Thursday, December 18, 2008

I left school early today, Bad day. I don't know whats wrong with me, hopefully my time with Jess will mend it a little.

Wednesday, December 17, 2008

So after seeing the movie, Twilight, I decided to start reading the series, and I really can't put the book down. ....Obesssseeessed

Monday, December 15, 2008

I hate everyone.

Sunday, December 14, 2008



Was It completely nesscary for him to leave? Is it supposed to teach me some kind of lesson? Fuck Holidays, RIP Dad, I hate the holidays withtout you.


Odd to say, but I love winning solitare




If anyone actually reads this, This is what I look like with completely no make up on. Ahahahahaha I dont think I'll ever leave the house like this, so good luck catching me like this. I love this girl<3333>

Saturday, December 13, 2008


<-------- He is probably one of the most sexiest men alive. Last night, I went to go see Twilight with Jess and Carney, and No lie, It was SO good. Cutest, intense love story ever. Me and Jess cried. Lol not to be a Debby Downer or anything but it honestly mad me sssssssoooo pissed off, I don't think I can handle cute shit like that cause I get so jealous, not to be completely corny. But its totally true. I just got home not too long ago, and now I'm completely bored with nothing to do, its only 9:14 too. What the fuuuuuuuuck, I think tomorrow If I dont find anything to do, I MIGHT actually clean my room, This pig-sty is gettin a tad rediculous. But I'm gonna go all out, even throw away some clothes maybe, well see. 12 more days till Christmas, and 13 more days until London and Paris, I think i'm more excited for London than I am Christmas. Most deffinately, I fucking hate holidays and I'm mostly excited to get out of this fucking country. I dont even think I'm going to take my phone with me, When I'm there I want nothing to do with anyone. Plus I think there's extra charge on texts when your out of country. I dont know.
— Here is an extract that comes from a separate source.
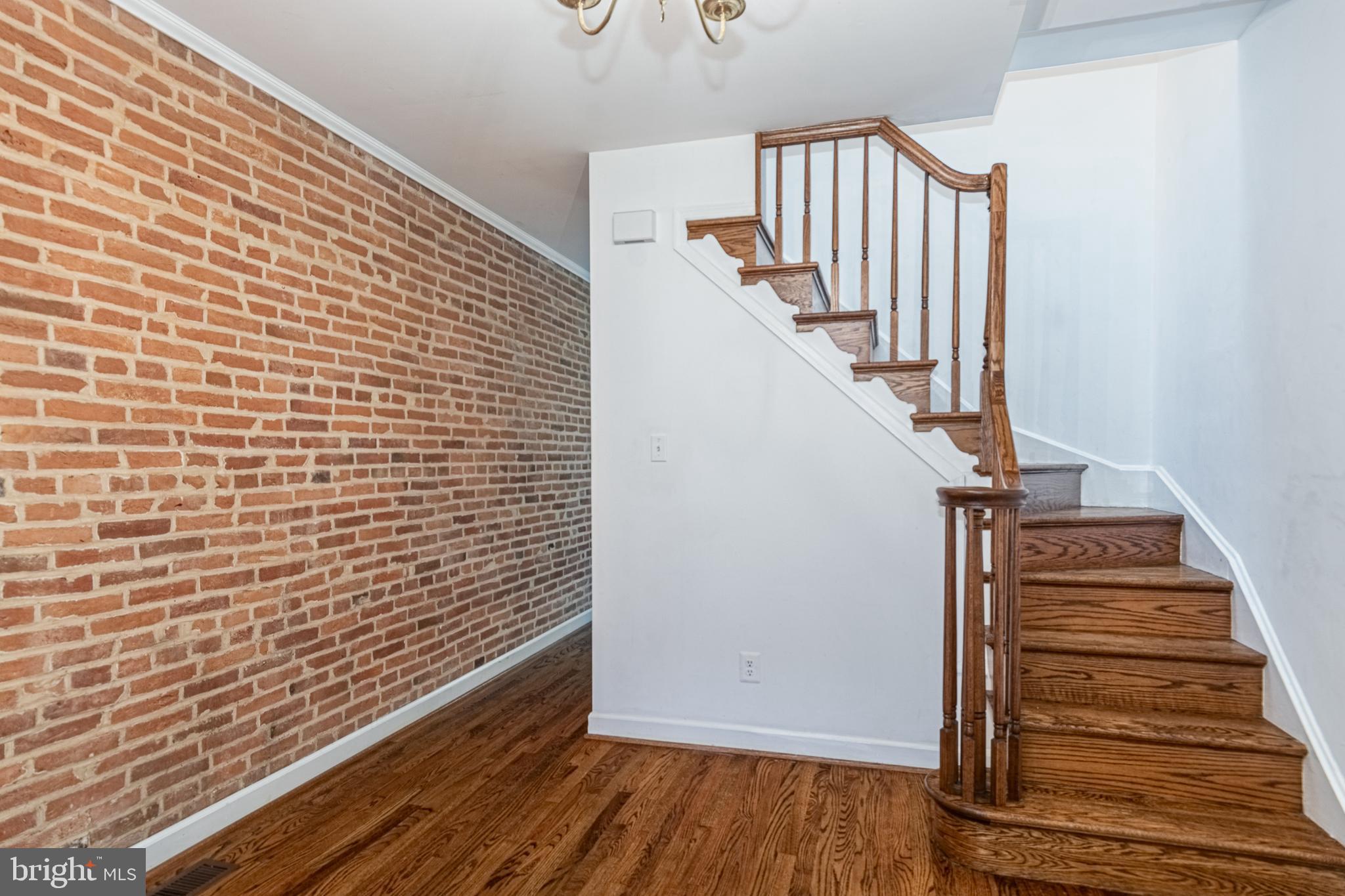 LOCUST POINT - Residential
Thursday, December 11, 2008

HORRIBLE day. I start off first, with thee most bangin headache ever, Secondly, a debate in history gone wrong. I freaaaked out because these two kids were talking shit under their breath in front of my face. I hear i'm dumb every FUCKING day dude, Its bull shit. But the one came up to me and apologized sincerely, so its straight. Then lastly, I'm on the phone, and he calls me another girls name? Thats an automatic goodbye.. "I want to let you know that you are the girl. The one I've been waiting for"


Hahahaha bye!

Wednesday, December 10, 2008

To me, everyone seems so fucking happy. I can truely say that i'm fucking miserable, and most people deffinately aren't helping. I feel like a failure, I can't do good in school, I can't make my mom happy, I could never make my dad happy, I can't find a dude, I dont know what's wrong with me. I'm insecure and probably hopeless, I honestly feel like giving up on everything and everyone. I sound like some emo mother fucker, but its true. I don't know...
I keep having the same issues with myself almost every month, every week rather. I don't know what to do.

Monday, December 8, 2008

It's wierd, I haven't been drunk or anything for 3 months. I'm actually pretty proud of myself, but I'm so fucking miserable that sometimes I think If I just got totally smashed, I would be happy again and my life would be more interesting again, More stories to tell etc. I really don't wanna think like that all, And I shouldn't but, I dont know.
I think I might actually like delete my myspace, or not go on it for a while, because honestly it just makes me feel shitty about myself every fucking day. Or just not even go on my computer rather. I really can't let things get to me like they do, but thats just me I guess. I'm tired of living around here but I would really hate to move, I might have a chance to move to AZ in July, but whats out there? Just deserts, mountains and bull shit. Deffinately not my kind of place. I have plans here, so I'll stick to them. I just really can't wait to leave this fucking place just for a little but and go to London and Paris, It's gonna be so bangin.

Saturday, December 6, 2008

I'm figureing myself out day by day, and I hate it because I thought I already knew who I was.

Hopefully Ill be going to Delaware tonight to see Tiff and Taylor.

Friday, December 5, 2008

You make me hate myself. You make me hate myself. You make me hate myself. You make me hate myself. You make me hate myself. You make me hate myself. You make me hate myself.


I wish I never met you. I wish I never met you. I wish I never met you. I wish I never met you. I wish I never met you. I wish I never met you. I wish I never met you. I wish I never met you. I wish I never met you. I wish I never met you. I wish I never met you.

Tuesday, December 2, 2008

Today was hard, reallllly fucking hard. Toughed it out though, and I'm glad I wasn't just sitting home feeling sorry for myself.